Ve o an geldi, sen gittin, götürüldün.. 99-00 sezonunun devre arasında, Tolunay oynayacak diye seni gönderdiler Tugay'ım. Fatih Terim'i bu yüzden hiç affedemedim. UEFA Kupası'nı sen de kaldıracaktın beyaz formanla. Belki de son penaltıyı sen atacaktın ve yine seninle kale arkasına koşacaktık omuz omuza. Olmadı, mavi beyazlar içindesin şimdi. Bambaşka bir ülkede, bambaşka bir yerde doğan çocuklar belki sen oluyor.
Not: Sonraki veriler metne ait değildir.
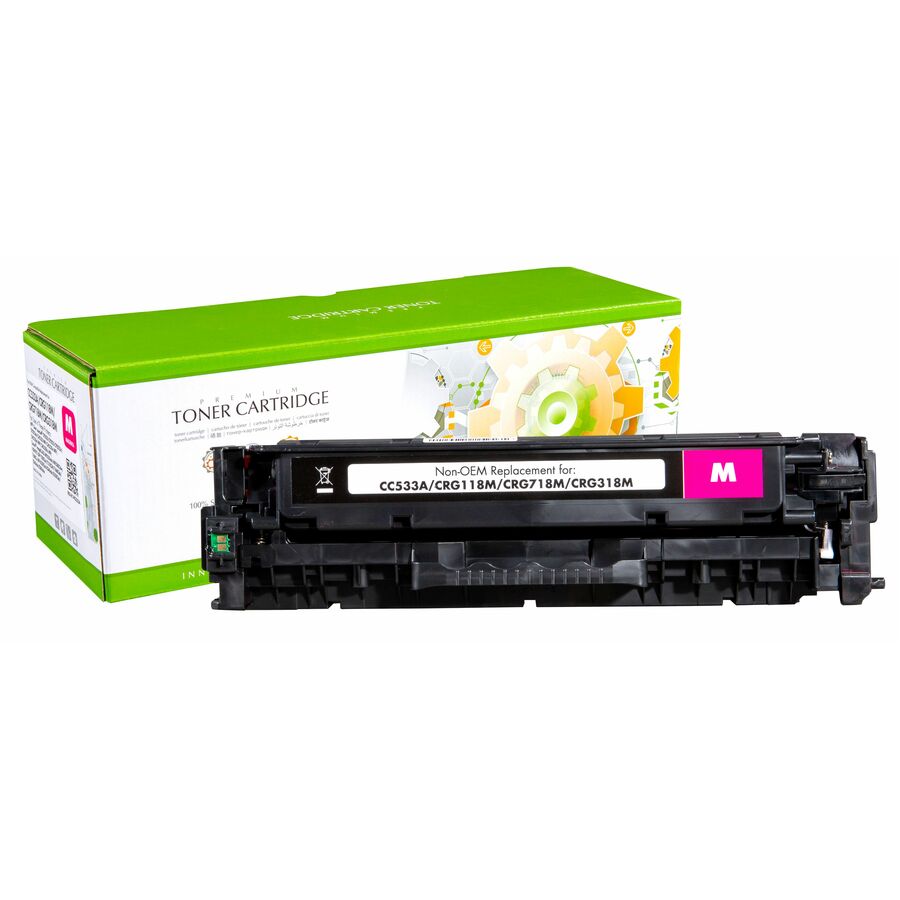 Static Control Remanufactured Laser Toner Cartridge - Single Pack CC533A,CRG-718M,CRG-118M,CRG-318M,CRG-418M,GPR-44M - Magenta - 1 Pack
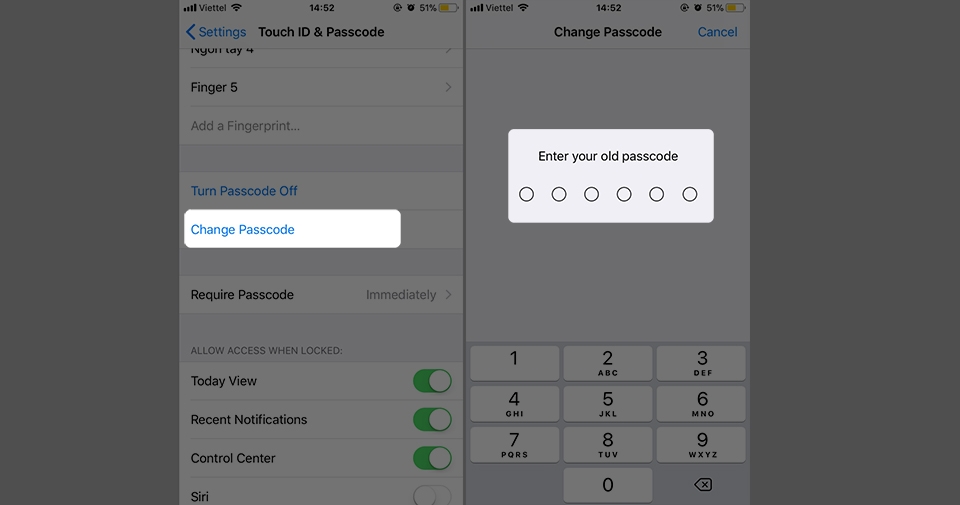 Hướng dẫn chuyển về passcode 4 số trên iPhone! (Ảnh 3) Hướng dẫn chuyển về passcode 4 số trên iPhone! (Ảnh 3)
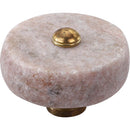Mascot Hardware Tacoma 1-1/2 in. Marble Smoky Drawer Cabinet Knob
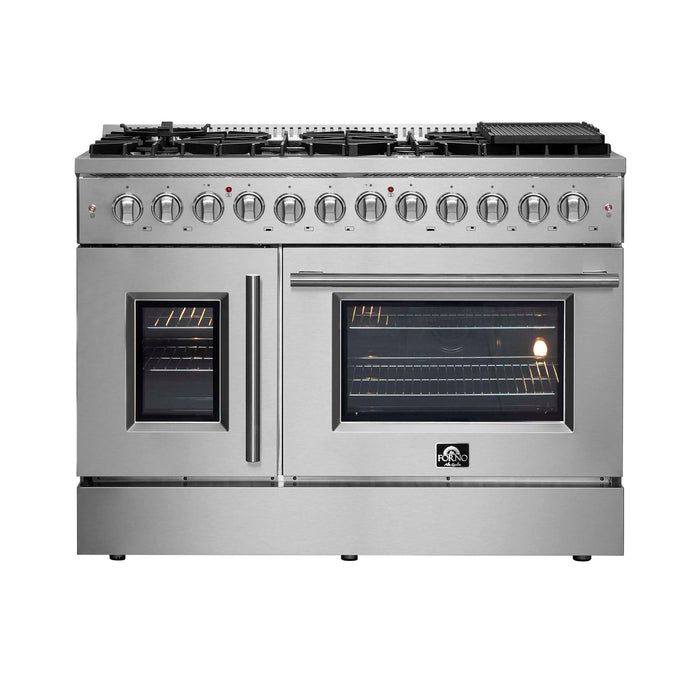 Forno Galiano 48" Freestanding French Door Series Dual Fuel Range FORNO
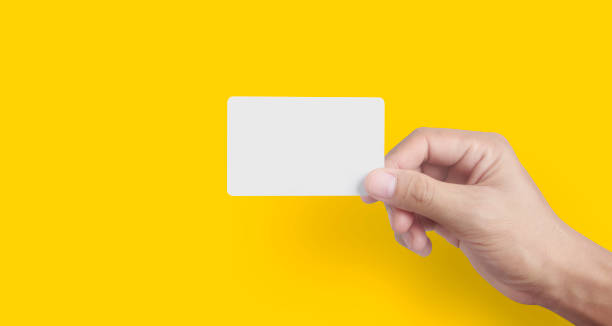 istock Hand holding  virtual card with your 1313300235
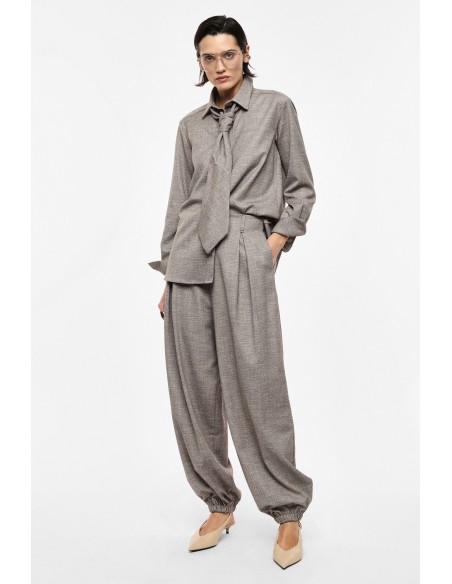 Pantalon palazzo athleisure à ourlet élastiqué – Imperial Femme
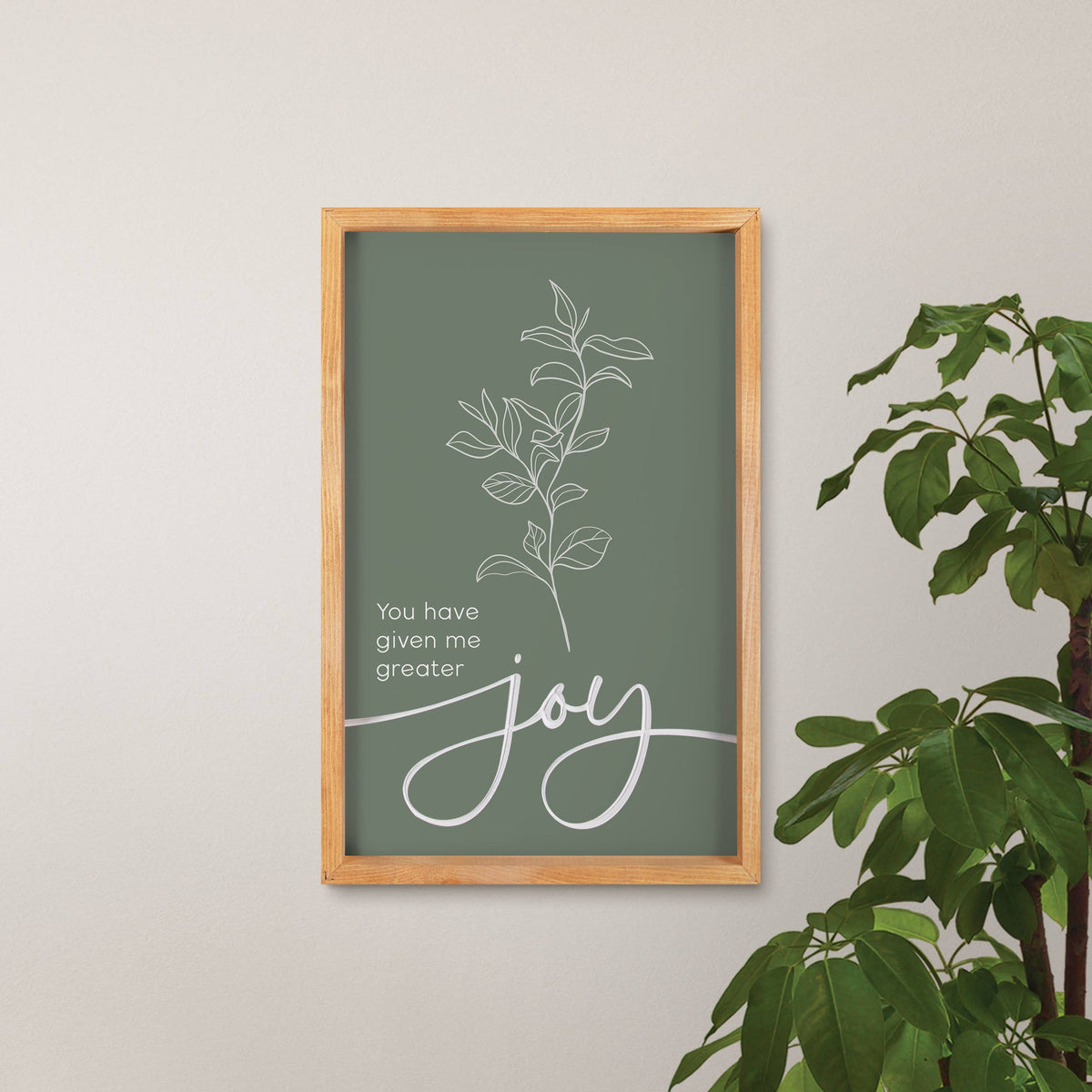 You Have Given Me Greater Joy Carved Framed Art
Belki onlar soyadını bile söyleyemiyorlar, Tugay diyorlar sadece.. Formanı alıyorlar.. Ama bilmiyorlar ki, sana sadece sarı kırmızı yakışıyor. Ve bilmiyorlar ki, Galatasaraylı bu çocuk hala Tugay'ı bekliyor...
Boğazımda düğümlenen hıçkırıktır Tugay Kerimoğlu... Demiştin ya burada doğdum diye, sen geleceksin ve ben tekrar Florya'ya, Ali Sami Yen'e ayak basacağım....
This entry was posted
on Cuma, Ağustos 29, 2008
at 18:12
and is filed under
takımı
. You can follow any responses to this entry through the
comments feed
.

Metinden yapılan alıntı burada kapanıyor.